I can find the section I want with a regex but I don't know how to
iterate through the string looking for particular elements. I was
thinking about taking the section I'm interested in and saving it as
an array and then iterating through each array element (html line)
that way, but I thought there might be a quicker way to do it.

suggestions?

I would say if you aren't exactly concerned with the content of the row. Perhaps just counting the number of lines in the array? I guess you would have to read in the page line by line...but that isn't too hard.

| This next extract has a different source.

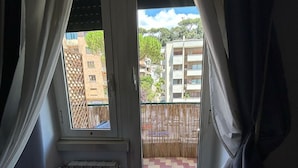 A room with a view of a balcony, a radiator, and a red chair. - Domum Vaticani (Rome)
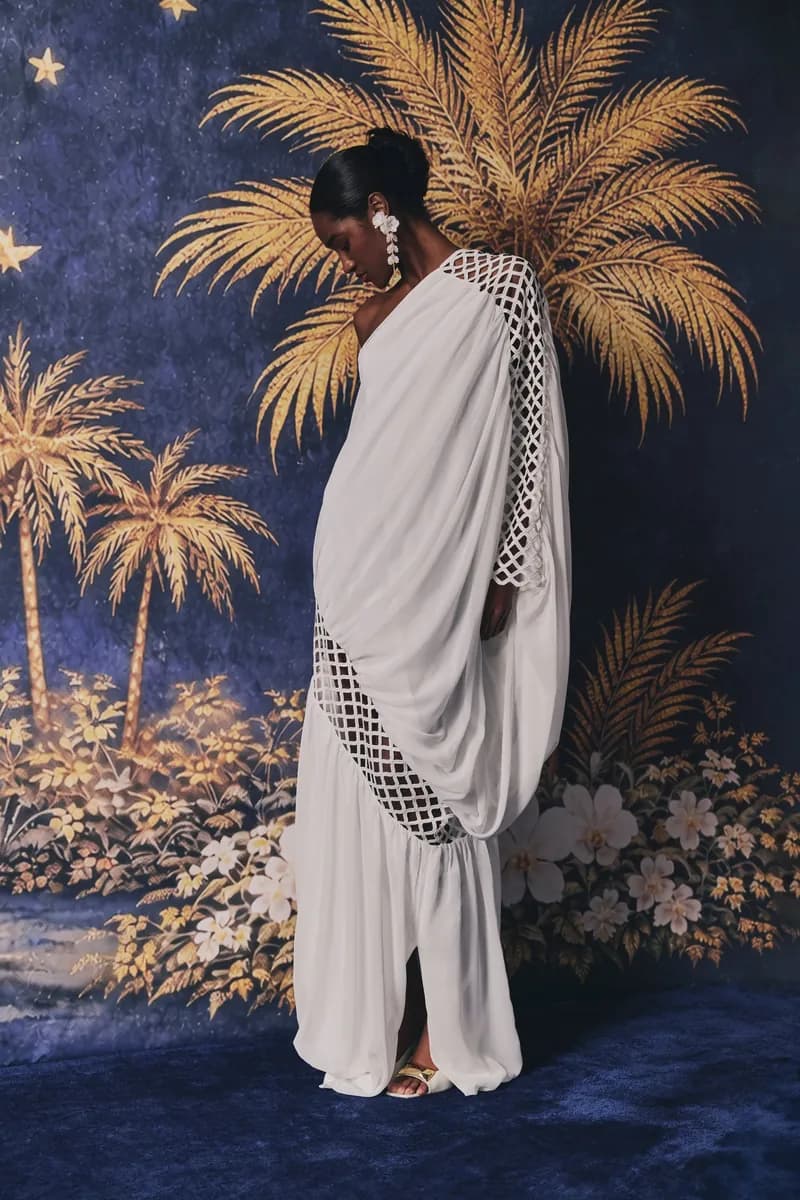 Draped ivory gown in front of a painted palm-tree backdrop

---- Paul <tester.paul@gmail.com> wrote:

···

Hi there, I'm using net/http to retrieve some html pages and now I
want to count the number of items in a list on the page. The
response.body is stored as a string.

The HTML looks something like this:
----
<div class="first section">
   <h1>
      Section Heading I'm interested in:
   </h1>
   <ul>
      <li>
         <form action="foo" method="post" name="">
           <button type="submit">foo</button>
         </form>
      </li>
      <li>
         <form action="bar" method="post" name="">
            <button type="submit">bar</button>
         </form>
      </li>
   </ul>
</div>

<div class="next section">
----

So what I want to do is count the number of li's in a particular div
section. In this case the answer is 2. It might be more, it might be
0.

I can find the section I want with a regex but I don't know how to
iterate through the string looking for particular elements. I was
thinking about taking the section I'm interested in and saving it as
an array and then iterating through each array element (html line)
that way, but I thought there might be a quicker way to do it.

suggestions?

TIA

Nokogiri allows direct access to HTML elements as data. I use it a lot
in my work. Try something like:

require 'nokogiri'
page = Nokogiri::HTML response.body
count = 0
page.xpath("//div[@class='first section']).each do |element|
  count += 1 if element.xpath("/ul")
end

Or something along those lines... (I didn't test this first).

···

On Tue, 2010-10-05 at 15:45 -0500, Paul wrote:

Hi there, I'm using net/http to retrieve some html pages and now I
want to count the number of items in a list on the page. The
response.body is stored as a string.

The HTML looks something like this:
----
<div class="first section">
   <h1>
      Section Heading I'm interested in:
   </h1>
   <ul>
      <li>
         <form action="foo" method="post" name="">
           <button type="submit">foo</button>
         </form>
      </li>
      <li>
         <form action="bar" method="post" name="">
            <button type="submit">bar</button>
         </form>
      </li>
   </ul>
</div>

<div class="next section">
----

So what I want to do is count the number of li's in a particular div
section. In this case the answer is 2. It might be more, it might be
0.

I can find the section I want with a regex but I don't know how to
iterate through the string looking for particular elements. I was
thinking about taking the section I'm interested in and saving it as
an array and then iterating through each array element (html line)
that way, but I thought there might be a quicker way to do it.

suggestions?

TIA

I can find the section I want with a regex but I don't know how to
iterate through the string looking for particular elements. I was
thinking about taking the section I'm interested in and saving it as
an array and then iterating through each array element (html line)
that way, but I thought there might be a quicker way to do it.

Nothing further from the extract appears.